The deal has major geopolitical implications for the US. China, which is conspicuously absent from the list of signatories, would likely see its influence in the region diminished, allowing the US to assert itself as a trade leader.
President Obama has made TPP a priority for his final months in office, and is hoping he can push it through Congress with the help of pro-trade Republicans like John Kasich and Mitch McConnell. But the deal has plenty of detractors.
Hillary Clinton and Donald Trump both say they oppose TPP. It’s one of the few issues on which they are in agreement. Notably, both oppose the deal at a time when protectionism has grown quite popular stateside as American workers continue to worry about losing jobs to other countries.

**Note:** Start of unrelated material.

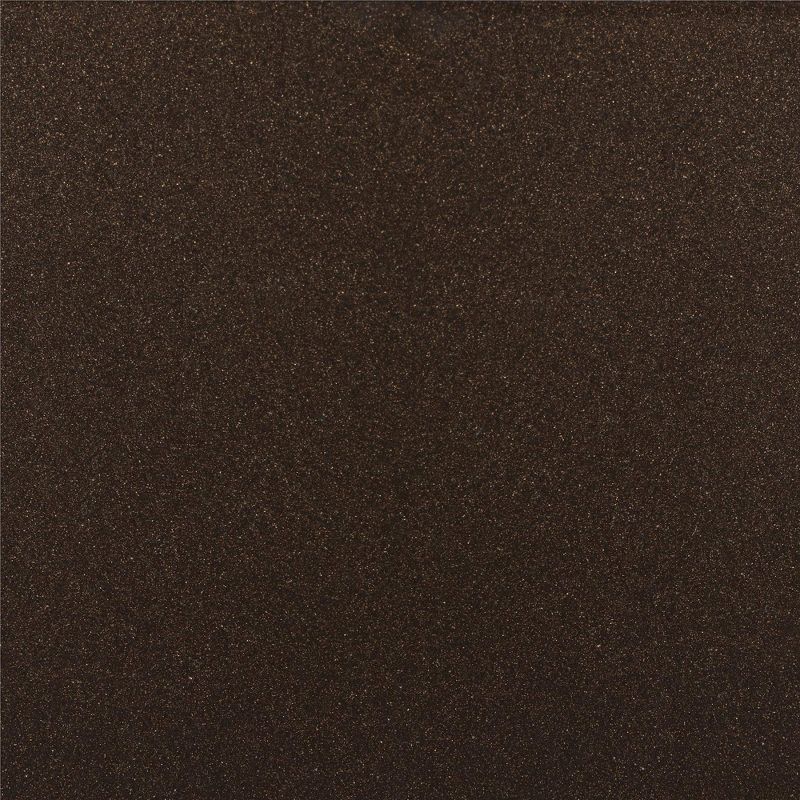 5pc Webb Glass Top Dining Set Bronze - Dorel Living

Where Clinton stands on TPP
Clinton has publicly opposed TPP since October 2015, when the text of the deal was finalised.
“I oppose it now, I’ll oppose it after the election, and I’ll oppose it as president,” she said at a campaign rally in Michigan in August.
But her opposition marked a departure from the praise she gave the deal during her tenure as secretary of state. She once said TPP “sets the gold standard of trade agreements.”
“I did say, when I was secretary of state, three years ago, that I hoped it would be the gold standard,” Clinton said during a Democratic primary debate in October 2015. “It was just finally negotiated last week, and in looking at it, it didn’t meet my standards. My standards for more new, good jobs for Americans, for raising wages for Americans.”
“And I want to make sure that I can look into the eyes of any middle-class American and say, ‘This will help raise your wages.’ And I concluded I could not.”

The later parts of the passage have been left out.